With regard to hunting, the liberal democrats will do more than just disappoint those they promised no repeal to. I have seen a video on youtube of Nick Clegg promising to stick by the 75% of the country who are against hunting and now it may be a case of these people being ignored AGAIN. How can this be a modern, changing and progressive coalition when promises that have been made about something so emotive are being ignored. Whilst the majority of this 75% who are against the hunting bill being repealed are not active campaigners they still exist and are still vocal in their abhor for this disgusting bloodsport being returned to our so-called British traditions. I think the party may have some problems winning back these voters in five years time and have certainly shot themselves in the foot as far as I am concerned.
What a completely graceless article. Even assuming the coalition is a broad success it will be as popular as small pox in two years time because of the sscale of the public spending cuts needed. Many decent Lib Dem Councillors will discover its not just Labour and Conservatives that lose their seats on national issues.
When the party is in the trenches I think some might find members less expendible than they do now.
Best of luck. I hate to disabuse you, but all politics is about power, how to get it, how to retain it and how to wield it. Don’t be fooled that the Greens are any different – I’ve fought them on the streets, so to speak, and had to work with them in government – and certainly, certainly not Labour. new, or, especially old.
If you truly want to believe in something progressive, believe in yourself. Believe that we can have all the benefits of mutual co-operation without the ruling elite to bully and rob us into doing it and with it the power to wage war, on their own citizens and others’.
@Kehaar: “Because they were Social Democrats?”
Why not vote “TUSC” then?
“yet if the Lib Dems can implement some of their key policies they can campaign at the next election on a record of Government rather than of aspirations.” – does this mean that we will be dropping the campaigning line “Vote LIberal Democrat – the only real option to keep the Conservatives out of government”, which gained us many votes from Labour in this election?
Kehaar,
Now, let’s see. The haar is a mist that comes in off the North Sea. And ke is the Basque word for smoke. So you must be the Icelandic ash cloud.
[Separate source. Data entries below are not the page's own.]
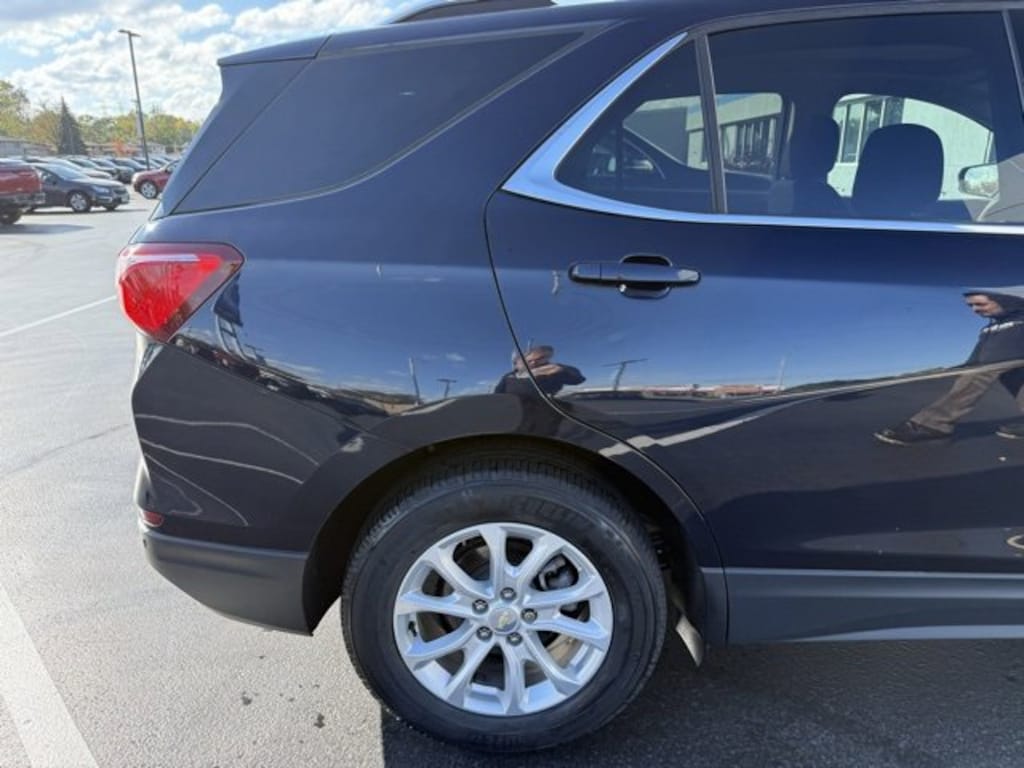 Used 2020 Chevrolet Equinox LT SUV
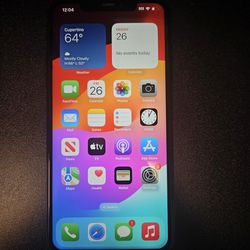 Iphone 11 Pro Max  Fully Unloked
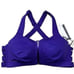 Victoria’s Secret knockout Maximum Support Front Closure Strappy Sports bra 36D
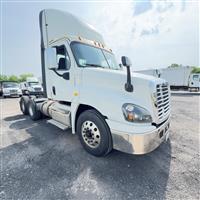 2018 Freightliner CASCADIA 125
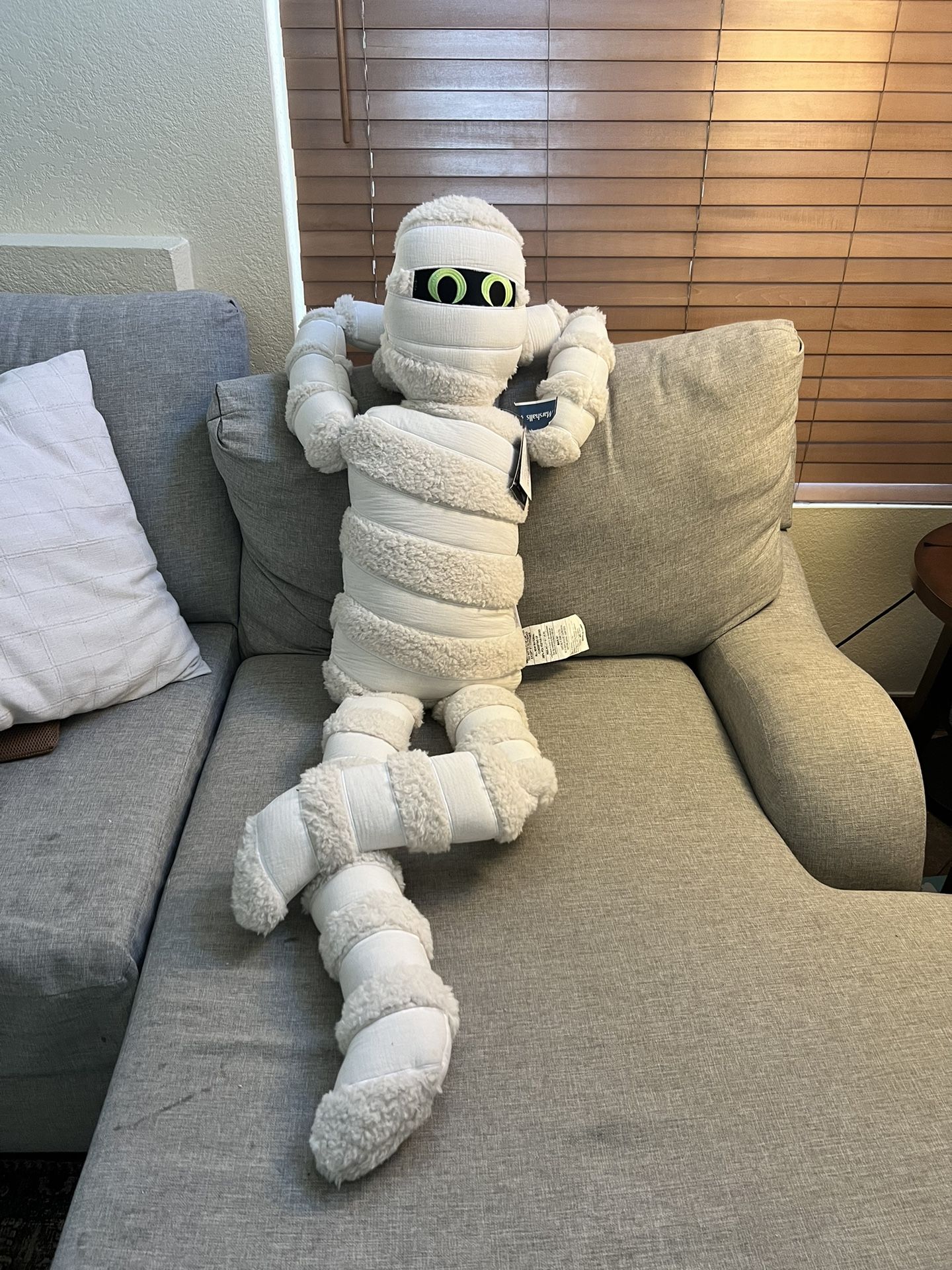 ØMI クッション Isaac Mizrahi Mummy pillow for Sale in Phoenix, AZ - OfferUp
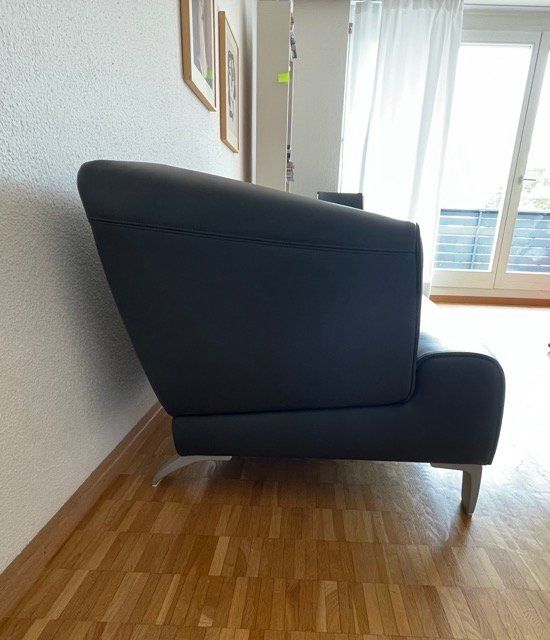 Rolf Benz Sofas: Rudolf Benz Ledersofa – Gebraucht aus Gockhausen von subbotnik 1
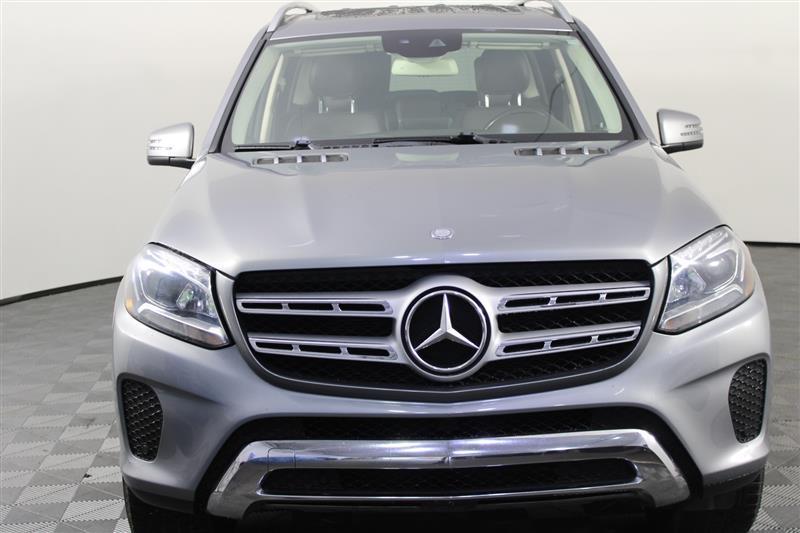 used 2017 Mercedes-Benz GLS 450 car, priced at $16,995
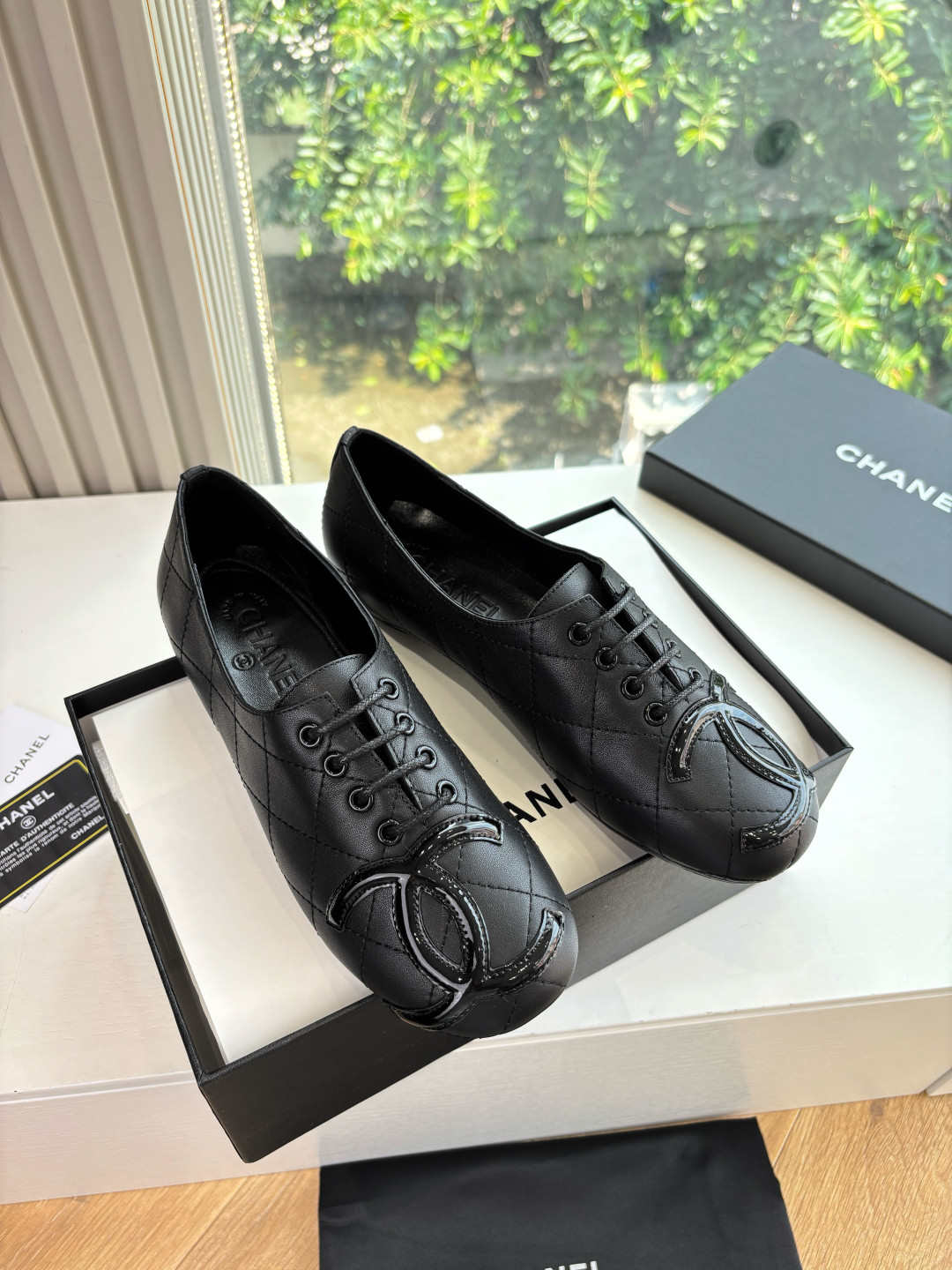 UA Ch**el Ballet Flat
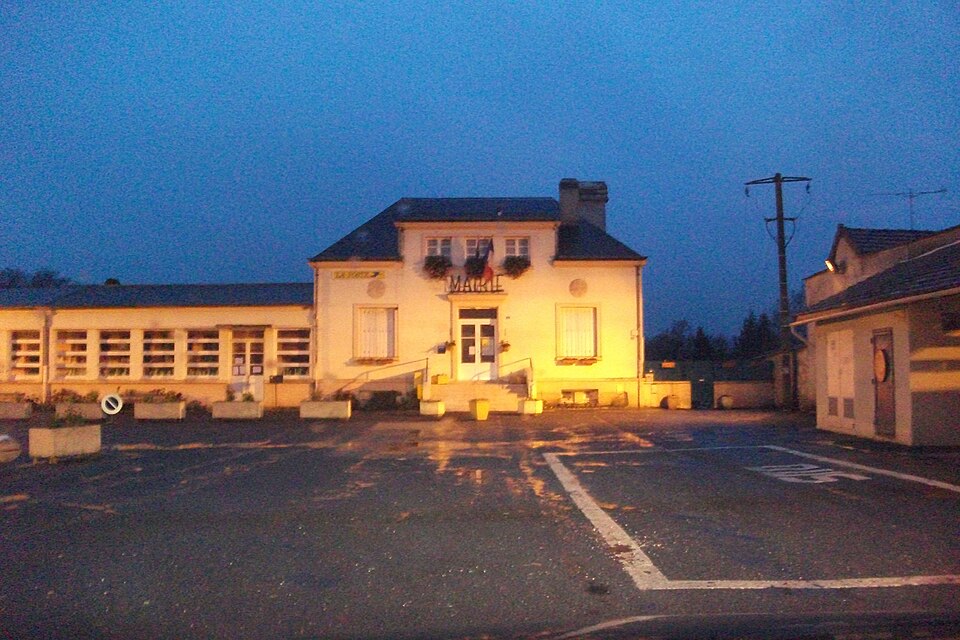 Treslon mairie 4164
This does sound just a little triumphalist really and gives me cause for concern. If you can be so off-hand with members who are leaving, just what atitude is adopted to the voters who didn’t vote for you? Or those who will at some point object to one thing or another?
It doesn’t matter what party anyone voted for or in the past now. Publicly (and privately) you all need to be honest, compassionate, professional and responsible when submitting articles to all media.
As a voter and member of no party I’m scared. I’m really frightened. I lived the Thatcher nightmare. I lived and worked in what I saw as a false economy under New Labour. The politicians and the media pretended things weren’t as we experienced, and no one in power was ever willing to be honest.
Those of you who make a living from politics have chosen to work in a career few of the public are willing to trust. That is your choice. You can choose to sort out our politics, our economy and our climate or you can choose to please yourselves.
For my part I will live in the storms you create. And I will do whatever I can to keep myself safe navigating the destructive storms politics, economics and climate will most definitely throw at us all. Maybe I will survive those storms or maybe I won’t. Maybe I’ll be one of the lucky ones who holds on to my job, maybe I won’t. Maybe I’ll be able to keep warm in the winter, maybe I won’t. Maybe I’ll keep a roof over my head or maybe I won’t. Maybe I’ll have enough to eat and be able to afford some kind of life with meaning or maybe I won’t. Whatever the price to be paid for political decisions we all know it won’t be the decision-makers who will be paying the real price for the difficulties, the failures, the incompetence and indifference, the lack of responsibility and the dishonesty we’ve had for decades.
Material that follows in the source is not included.